Exercise – Would you retype exactly the lines below, starting with the one that has "Little Hill 2" and going on through the one that has "76人官方曬訓(xùn)練照", with no pictures and nothing else?

Record set –
────────────────

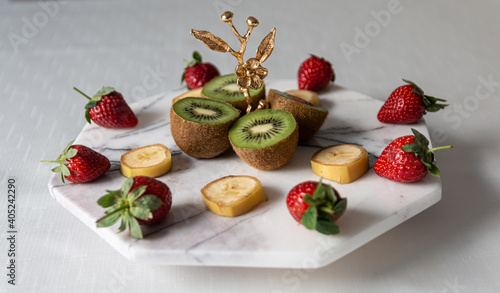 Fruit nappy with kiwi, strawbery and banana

────────────────

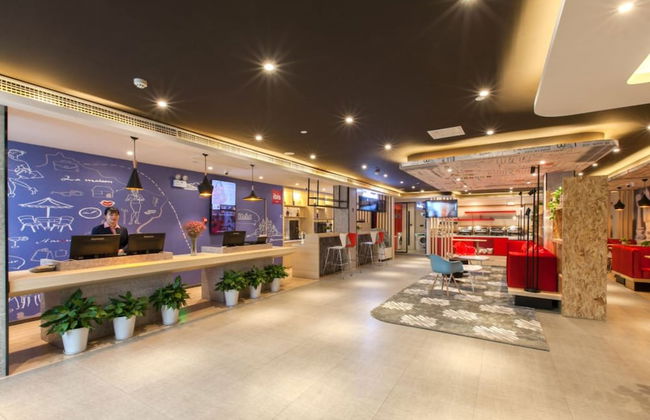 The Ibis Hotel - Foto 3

────────────────

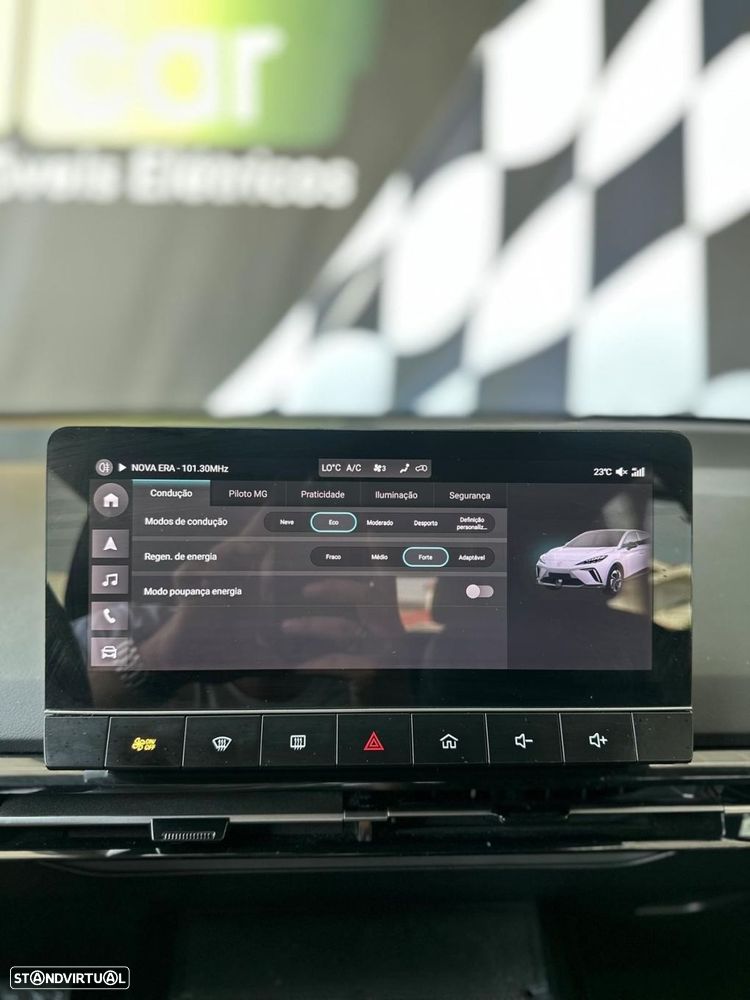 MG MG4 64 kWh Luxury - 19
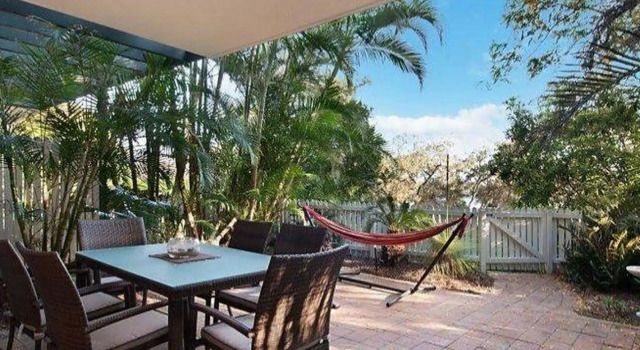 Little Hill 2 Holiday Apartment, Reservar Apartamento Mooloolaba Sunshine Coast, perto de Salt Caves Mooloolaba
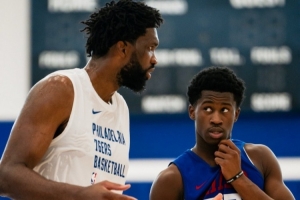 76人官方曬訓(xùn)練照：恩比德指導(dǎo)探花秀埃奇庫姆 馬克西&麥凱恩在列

────────────────

Completed task –
 Little Hill 2 Holiday Apartment, Reservar Apartamento Mooloolaba Sunshine Coast, perto de Salt Caves Mooloolaba
 76人官方曬訓(xùn)練照：恩比德指導(dǎo)探花秀埃奇庫姆 馬克西&麥凱恩在列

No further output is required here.